Extracting Text Data

Hi,

I am getting the error below after all records have been extracted.

WARN [22 Mar 2016 13:35:57,709][DataMapping thread] com.objectiflune.datamining.text.internal.engine.StepExecuter.runSkip(?:?)[COMPONENT=Data Mapping][SOURCE=Goto123] The step is out of bound (DME000130)

I am using a delimited text file which ends with the delimiter, /f. The file only has 100 records but the mapper shows 101 and I get the error when printing all or viewing the last record.

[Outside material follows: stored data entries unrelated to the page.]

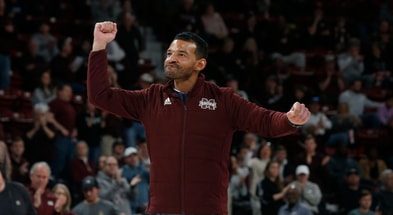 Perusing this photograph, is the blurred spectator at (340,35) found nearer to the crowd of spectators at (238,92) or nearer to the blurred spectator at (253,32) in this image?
the crowd of spectators at (238,92)

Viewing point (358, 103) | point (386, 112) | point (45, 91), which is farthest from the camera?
point (358, 103)

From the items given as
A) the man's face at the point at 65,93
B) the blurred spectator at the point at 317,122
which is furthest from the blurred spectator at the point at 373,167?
the man's face at the point at 65,93

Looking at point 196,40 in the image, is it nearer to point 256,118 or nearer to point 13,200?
point 256,118

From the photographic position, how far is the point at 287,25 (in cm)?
2078

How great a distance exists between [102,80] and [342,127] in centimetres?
1205

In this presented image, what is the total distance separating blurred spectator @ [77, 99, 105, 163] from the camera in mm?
14875

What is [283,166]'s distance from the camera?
15414 mm

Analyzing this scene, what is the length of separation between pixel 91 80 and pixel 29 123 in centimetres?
977

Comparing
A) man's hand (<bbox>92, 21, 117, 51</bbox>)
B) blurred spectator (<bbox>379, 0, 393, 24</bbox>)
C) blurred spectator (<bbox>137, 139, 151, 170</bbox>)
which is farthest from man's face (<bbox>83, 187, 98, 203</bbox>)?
blurred spectator (<bbox>379, 0, 393, 24</bbox>)

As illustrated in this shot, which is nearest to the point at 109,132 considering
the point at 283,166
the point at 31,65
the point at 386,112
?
the point at 31,65

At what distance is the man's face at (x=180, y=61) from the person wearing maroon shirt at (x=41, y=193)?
6.06 meters

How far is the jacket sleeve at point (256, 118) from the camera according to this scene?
5.65 meters

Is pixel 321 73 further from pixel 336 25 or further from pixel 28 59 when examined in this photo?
pixel 28 59

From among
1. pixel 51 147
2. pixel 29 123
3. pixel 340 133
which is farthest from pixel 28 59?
pixel 340 133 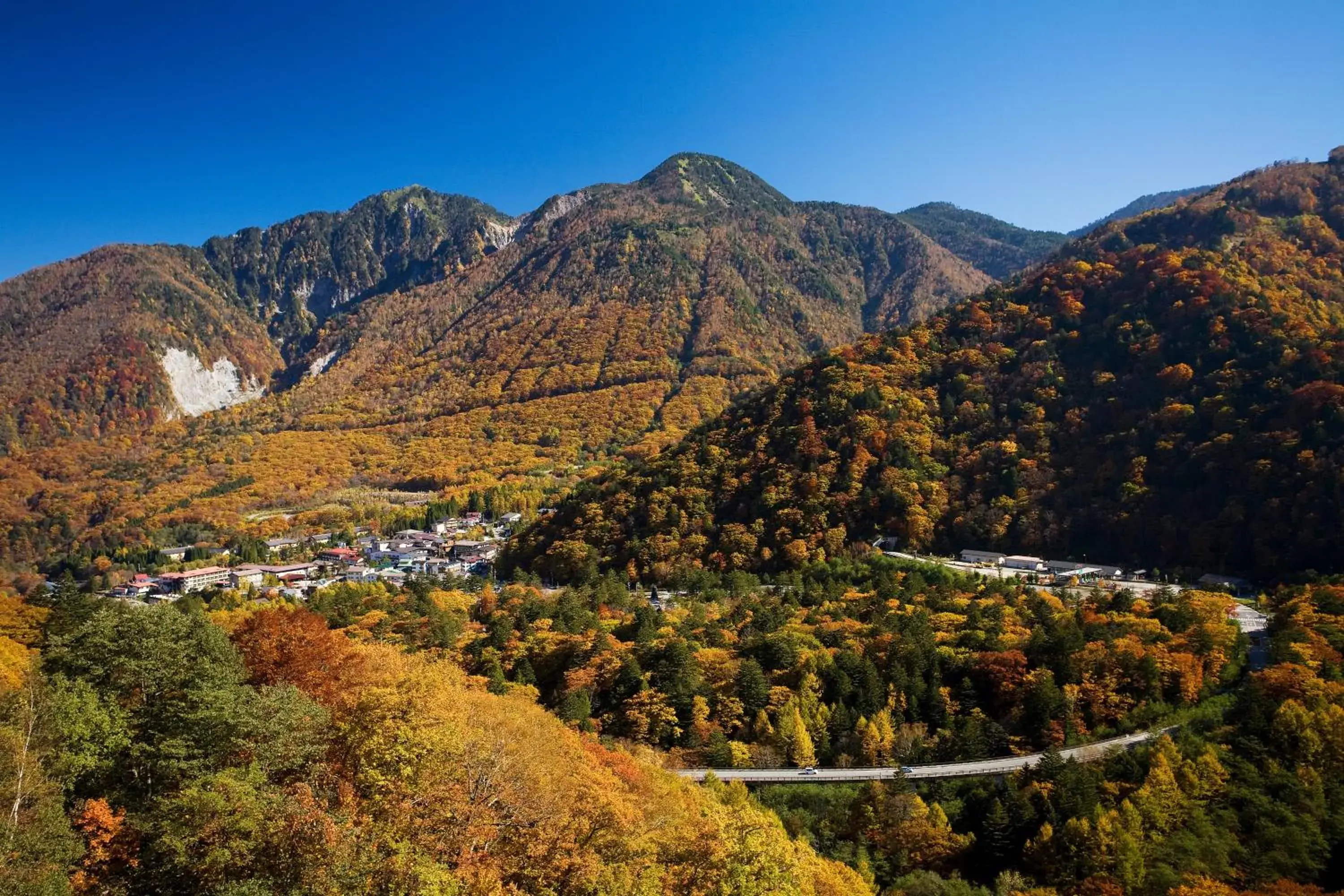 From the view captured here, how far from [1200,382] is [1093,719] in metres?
38.0

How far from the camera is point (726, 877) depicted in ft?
51.2

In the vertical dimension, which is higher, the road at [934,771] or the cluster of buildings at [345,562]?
the cluster of buildings at [345,562]

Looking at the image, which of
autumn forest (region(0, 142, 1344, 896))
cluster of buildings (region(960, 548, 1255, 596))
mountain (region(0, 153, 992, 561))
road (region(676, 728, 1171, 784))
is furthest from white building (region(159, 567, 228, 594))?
cluster of buildings (region(960, 548, 1255, 596))

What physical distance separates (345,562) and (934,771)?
69165mm

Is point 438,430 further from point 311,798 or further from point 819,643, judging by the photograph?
point 311,798

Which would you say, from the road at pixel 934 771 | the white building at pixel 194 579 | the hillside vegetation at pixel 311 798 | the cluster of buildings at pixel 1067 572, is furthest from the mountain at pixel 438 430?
the hillside vegetation at pixel 311 798

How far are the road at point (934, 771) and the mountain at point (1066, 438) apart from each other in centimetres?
2451

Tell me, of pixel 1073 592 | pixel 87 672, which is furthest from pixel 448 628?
pixel 1073 592

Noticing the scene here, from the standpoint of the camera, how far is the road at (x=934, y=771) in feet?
96.2

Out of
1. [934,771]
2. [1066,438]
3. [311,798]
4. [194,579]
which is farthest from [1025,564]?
[194,579]

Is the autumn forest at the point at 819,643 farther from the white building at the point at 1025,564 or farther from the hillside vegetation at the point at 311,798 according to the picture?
the white building at the point at 1025,564

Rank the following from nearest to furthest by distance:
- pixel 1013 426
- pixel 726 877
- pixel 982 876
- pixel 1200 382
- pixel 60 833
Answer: pixel 60 833 → pixel 726 877 → pixel 982 876 → pixel 1200 382 → pixel 1013 426

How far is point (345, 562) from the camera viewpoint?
269ft

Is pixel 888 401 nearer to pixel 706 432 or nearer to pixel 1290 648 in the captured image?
pixel 706 432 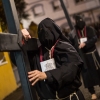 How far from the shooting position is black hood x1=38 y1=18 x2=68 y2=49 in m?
1.65

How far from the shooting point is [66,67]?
5.05 feet

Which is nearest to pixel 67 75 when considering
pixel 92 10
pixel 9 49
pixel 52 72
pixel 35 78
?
pixel 52 72

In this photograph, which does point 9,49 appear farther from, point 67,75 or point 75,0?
point 75,0

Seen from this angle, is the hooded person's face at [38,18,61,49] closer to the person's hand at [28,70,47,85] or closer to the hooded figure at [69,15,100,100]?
the person's hand at [28,70,47,85]

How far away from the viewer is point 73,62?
1590 mm

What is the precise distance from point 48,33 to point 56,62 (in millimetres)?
247

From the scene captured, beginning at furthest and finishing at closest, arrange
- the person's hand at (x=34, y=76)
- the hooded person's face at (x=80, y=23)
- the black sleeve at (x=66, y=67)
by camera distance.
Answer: the hooded person's face at (x=80, y=23) → the black sleeve at (x=66, y=67) → the person's hand at (x=34, y=76)

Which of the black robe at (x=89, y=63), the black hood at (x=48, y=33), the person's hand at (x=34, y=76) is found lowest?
the black robe at (x=89, y=63)

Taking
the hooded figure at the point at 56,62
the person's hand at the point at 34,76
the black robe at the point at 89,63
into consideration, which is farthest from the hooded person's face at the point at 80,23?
the person's hand at the point at 34,76

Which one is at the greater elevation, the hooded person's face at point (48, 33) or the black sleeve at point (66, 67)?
the hooded person's face at point (48, 33)

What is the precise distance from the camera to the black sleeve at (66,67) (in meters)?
1.49

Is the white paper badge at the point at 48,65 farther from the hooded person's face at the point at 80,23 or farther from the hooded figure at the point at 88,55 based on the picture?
the hooded person's face at the point at 80,23

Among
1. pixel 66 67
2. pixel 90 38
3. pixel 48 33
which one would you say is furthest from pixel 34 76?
pixel 90 38

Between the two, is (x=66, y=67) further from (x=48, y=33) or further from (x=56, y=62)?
(x=48, y=33)
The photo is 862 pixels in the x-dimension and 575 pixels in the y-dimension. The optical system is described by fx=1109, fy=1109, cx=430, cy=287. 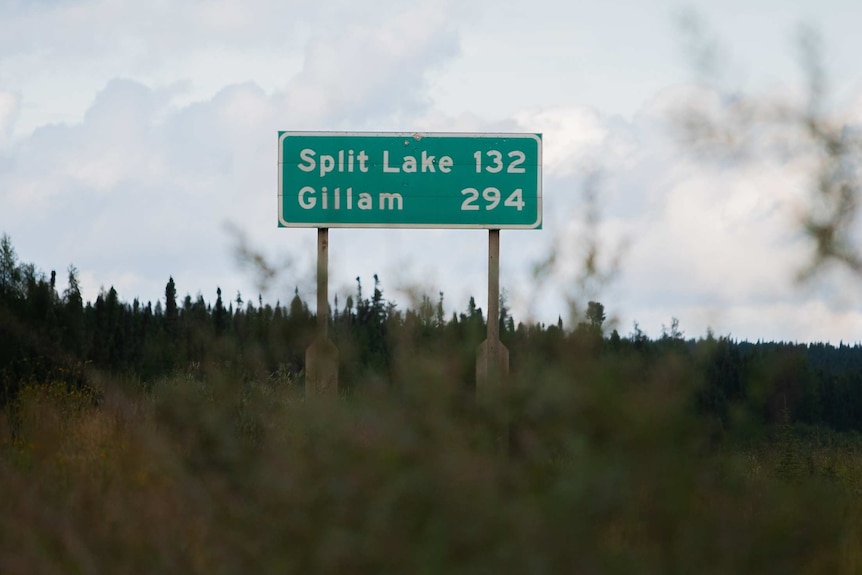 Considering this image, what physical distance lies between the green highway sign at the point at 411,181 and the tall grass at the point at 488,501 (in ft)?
23.8

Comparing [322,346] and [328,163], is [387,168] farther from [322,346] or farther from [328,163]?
[322,346]

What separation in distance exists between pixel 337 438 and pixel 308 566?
676mm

Is there a way I can use a script to stop reading records if there is no more data after the delimiter?

Could you provide us with a small sample data file? Should be fairly easy to fix.

How do I attach a file here, can’t see any option for that?

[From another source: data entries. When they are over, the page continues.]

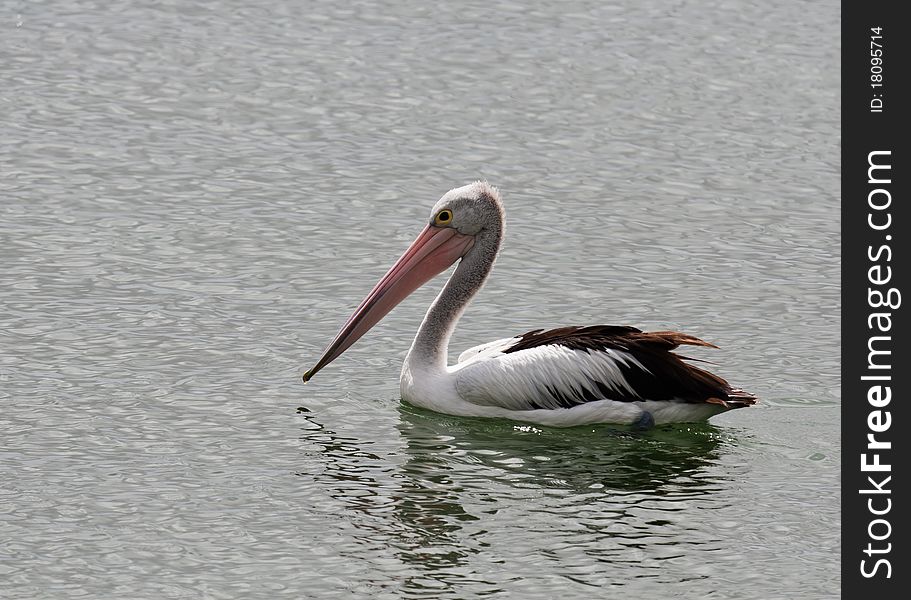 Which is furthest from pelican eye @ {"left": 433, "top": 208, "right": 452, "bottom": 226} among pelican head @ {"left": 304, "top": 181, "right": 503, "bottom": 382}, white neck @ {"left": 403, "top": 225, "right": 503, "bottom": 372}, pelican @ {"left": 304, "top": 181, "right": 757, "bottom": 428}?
pelican @ {"left": 304, "top": 181, "right": 757, "bottom": 428}

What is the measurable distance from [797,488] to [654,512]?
2.36 ft

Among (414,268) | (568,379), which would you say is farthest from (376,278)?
(568,379)

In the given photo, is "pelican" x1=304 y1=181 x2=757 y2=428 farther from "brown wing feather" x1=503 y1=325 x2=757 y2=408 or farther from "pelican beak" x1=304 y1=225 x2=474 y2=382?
"pelican beak" x1=304 y1=225 x2=474 y2=382

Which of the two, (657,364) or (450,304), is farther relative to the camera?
(450,304)

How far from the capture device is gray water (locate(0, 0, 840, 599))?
671 cm

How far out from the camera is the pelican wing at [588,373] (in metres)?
8.09

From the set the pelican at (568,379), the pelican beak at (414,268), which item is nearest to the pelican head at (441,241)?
the pelican beak at (414,268)

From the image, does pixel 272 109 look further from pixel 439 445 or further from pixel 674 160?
pixel 439 445

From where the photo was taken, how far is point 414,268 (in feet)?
29.2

Data below, this is 2 records replace [FORM FEED CHARACTER HERE] with \f, this data shows 3 records but should only show 2

W001 PmlTest.ptk
W002 FalseA POST
W003 PML Test 00204000.pdf
W004
A001 1149783813
A002 054
A003 Mr A Smith
A004 GPO BOX 1
A005 HOBART TAS 7001
A006
A007
A008
A009
A010
A011 1
B001 00000010000101
C001 1
C002 1
C003 1.1
C004 1
C005 1
C006 1
C007 1
M001 Simplex
M002 Portrait
M003 A4
M004 75
M005 PMLTheoreticalBaseStock
D001 204000
D002 1
D003 23/07/2013
D004 31/08/2013
D005 01/07/2012
D006 19/07/2013
D007 Farmland
D008 100 White Road Whitville TAS 7124
D009 LOT 1 DP12 EP 20000
D010 $100.00
D011 $200.00
D012 31/08/2013
D013 $400.00
D014 30/11/2013
D015 $800.00
D016 28/02/2014
D017 $260.00
D018 31/05/2014
D019 $1,660.00
D020 204000
D021 204000
D022 00000000204000
D023 *244 000 204000 9
D024 01/07/2013 to 30/06/2014
D025 9.00
D026 2013/14
I001
P001
P002
P007
P003
P005 Farmland Base Rate 1 Base Levy $400.00
P004 Farmland 4 0.0025c/$ $22.10
P004 Rural Waste Fee $60 flat rate $60.00
P006
J001 Newsletter
J006 Information
[FORM FEED CHARACTER HERE]W001 PmlTest.ptk
W002 FalseA POST
W003 PML Test 00204100.pdf
W004
A001 1131080674
A002 054
A003 Mr B Braxton
A004 GPO BOX 2
A005 HOBART TAS 7001
A006
A007
A008
A009
A010
A011 2
B001 00000010000201
C001 1
C002 1
C003 1.2
C004 1
C005 1
M001 Simplex
M002 Portrait
M003 A4
M004 75
M005 PMLTheoreticalBaseStock
D001 204100
D002 2
D003 23/07/2013
D004 31/08/2013
D005 01/07/2012
D006 19/07/2013
D007 Residential
D008 101 White Road Whitville TAS 7124
D009 LOT 2 DP12 EP 20100
D010 $200.00
D011 $200.00
D012 31/08/2013
D013 $400.00
D014 30/11/2013
D015 $800.00
D016 28/02/2014
D017 $260.00
D018 31/05/2014
D019 $1,660.00
D020 204100
D021 204100
D022 00000000204100
D023 *244 000 204100 9
D024 01/07/2013 to 30/06/2014
D025 9.00
D026 2013/14
I001
P001
P002
P007
P003
P005 Residential Base Rate 2 Base Levy $400.00
P004 Residential 10 0.0045c/$ $90.00
P004 Rural Waste Fee $60 flat rate $60.00
P006
[FORM FEED CHARACTER HERE]

Click on the chain link in the Editor Toolbar then select the “Send” tab in the dialog: that allows you to upload a file to the server.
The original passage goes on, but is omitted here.